Here's a cool interview snippet from Cornell about that line:

"One of the first times I remember writing something personal was on tour. I was feeling really freaky and down, and I looked in the mirror and I was wearing a red T-shirt and some baggy tennis shorts. I remember thinking that as bummed as I felt, I looked like some beach kid. And then I came up with that line—’I’m looking California / And feeling Minnesota,’ from the song ‘Outshined’—and as soon as I wrote it down, I thought it was the dumbest thing. But after the record came out and we went on tour, everybody would be screaming along with that particular line when it came up in the song. That was a shock. How could anyone know that that was one of the most personally specific things I had ever written? It was just a tiny line. But somehow, maybe because it was personal, it just pushed that button."

My takeaway: In art, in anything, be yourself and don't worry about achieving a popular affectation. Honesty is always more attractive.

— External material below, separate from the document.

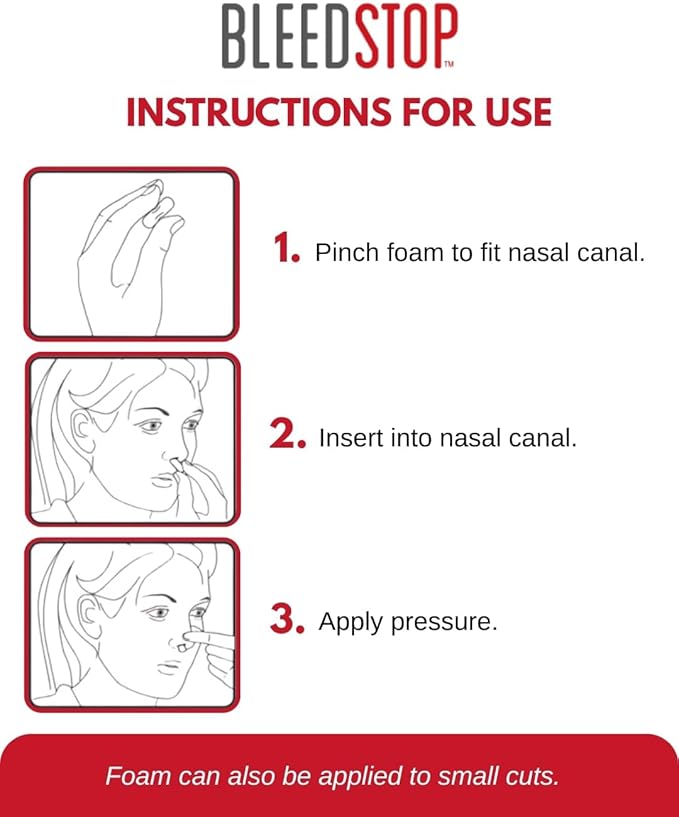 BleedStop™ Nosebleed Strips – Fast Acting Blood Coagulant Foam Inserts – Helps Clot Blood on Contact – Non-Stinging Sterile Hypoallergenic for Mild to Heavy Nosebleeds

That's a bigger lesson than maybe it should have to be. But the pleasant surprise of its truth, as Cornell experienced, is a good moment.

Wednesday 09.13.17
Posted by Jon Quijano
 

234. "One Word Extinguisher" by Prefuse 73

I will not forget the sunbleached afternoon I was dancing to this song with my friends on a treeless, infinite prairie.

Wednesday 09.13.17
Posted by Jon Quijano
 

233. "One More Night" by Phil Collins

I used to listen to this one repeatedly on my parents' record player when I was five or six. The chorus melody struck me in such a curious way. It was one of the first songs I can remember singing along to, with tonality.

Now an old guy, I still love the chorus, but I most love the upper-register web of keyboard, bass, and vocal criss-crossing each other in the verses. The middle bridge takes a cool turn, then resolves in kind of a sweet blunt way back into the chorus.

There is not much else to this song. A sax solo comes in at the end due to contractual obligations with the '80s. 

If you had a smooth little drum machine part and just a few other instruments to spare, there is no chance you assemble them all into a song this good. Hand a songwriter like prime Phil Collins just a tambourine and a kazoo, and you would get at least a quality B-side.

Wednesday 09.13.17
Posted by Jon Quijano
 

232. "One By One All Day" by The Shins

Forget the unreal long vocal melodies and their impressive harmony ideas, and where these adventurous lines force the chord sequences to go. Downplay the catchy, creative drum triplets bouncing perpetuity under the jaunty mix.

It's the lyrical command that is so reassuring:

"I smell the engine grease and mint the wind is blending
Under the moan of rotting elm in the silo floor"

"Down a hill of pine tree quills we made our way
To the bottom and the ferns where thick moss grows
Beside a stream"

"If every moment of our lives
Were cradled softly
In the hands of some strange and gentle child
I'd not roll my eyes so"

These focused, economical, complete sequences of images and concept constructions don't just fall out onto the notebook after one go-around. These are verbal bonsai, shaped to utter potency.

The fact that they are sung, not just idle words on a page, shows me what poetry has evolved into. But no awards exist to recognize them. No National Book Award comes knocking.